The Awesome Power of Being Boring - Part 2
Post date: Jul 28, 2014 10:47:25 PM
Quoted from Martin Luther King
Having difficulty getting into a practice routine for your tango?
Here's eight steps to starting and maintaining a practice habit. They're accompanied by some silly cartoons for a giggle. Such an earnest subject needs a bit of light relief!
But first, please make sure to read The Awesome Power of Being Boring - Part 1; upon which these strategies are based. It will also explain the ironic title!
1) Set a specific, achievable goal
Define and visualise yourself dancing the way you would ultimately like to dance. Notice how that looks and feels.
Focus on the elements involved in that dancing - for example, musicality, repertoire of moves, posture, ornamenting, or some other element that inspires you. Choose one or several that you would like to improve.
Let's use for example the tango walk...
"I have a beautiful tango walk."
will not be as effective as, for example...
" I walk with balance and elegance, connected to my partner and the music."
Make your goal achievable!
2) Set "micro quotas"
Work out the minimum amounts of work that you are prepared to commit to doing every day to achieve your dancing goal.
When beginning it's best to set extremely low quotas.
For example, replace:
"I will practice the tango walk 30 minutes every day with my partner."
"I will practice the tango walk with my partner for at least 5 minutes every day."
3) Visualise yourself dancing the way you would like to dance and include the specific practice required.
" I will walk with balance and elegance, connected to my partner and the music - by practicing the tango walk with my partner for at least 5 minutes every day."
4) Link the desired habit to an already existing habit
Such habits could include "arriving home", "eating lunch", "before work" and so on. For example:
"I will walk with balance and elegance, connected to my partner and the music - by practicing the tango walk after work with my partner for at least 5 minutes every day."
5) Get rid of obstacles to starting your practice
Identify where exactly "getting started" falls apart for you and create shortcuts so that any disruptions to your routine are lessened.
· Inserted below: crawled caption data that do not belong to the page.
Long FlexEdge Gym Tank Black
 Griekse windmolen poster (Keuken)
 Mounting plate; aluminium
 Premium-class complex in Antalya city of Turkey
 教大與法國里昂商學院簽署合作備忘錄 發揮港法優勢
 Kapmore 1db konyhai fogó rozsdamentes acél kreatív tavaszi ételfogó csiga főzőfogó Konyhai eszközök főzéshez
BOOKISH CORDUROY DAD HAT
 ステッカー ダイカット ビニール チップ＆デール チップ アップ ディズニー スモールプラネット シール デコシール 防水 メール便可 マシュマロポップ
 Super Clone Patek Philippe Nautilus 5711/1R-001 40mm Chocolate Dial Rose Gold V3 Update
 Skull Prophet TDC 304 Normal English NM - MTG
Remove disruptions to getting started by using If - Then statements.
For example, if you feel too tired to practice...
"If I feel too tired to practice the tango walk with my partner, then I will first listen to some inspirational tango music or watch an inspiration tango video to help motivate me."
...or if your partner is the one who can't get motivated to practice?..
"If my partner is not in the mood to practice , then I will practice solo."
6) When you can't get started - focus on your achievements
There are likely to be moments when no matter what motivational strategies you use, you just can't get sufficiently inspired to do your practice.
When that happens focus on the total days you’ve done your habit, rather than the fact that you broke the routine.
7) Reduce variability
Aim to do your practice in the same place and time each day.
Make sure your music, practice shoes and whatever other parerphanalia you require are easy to access.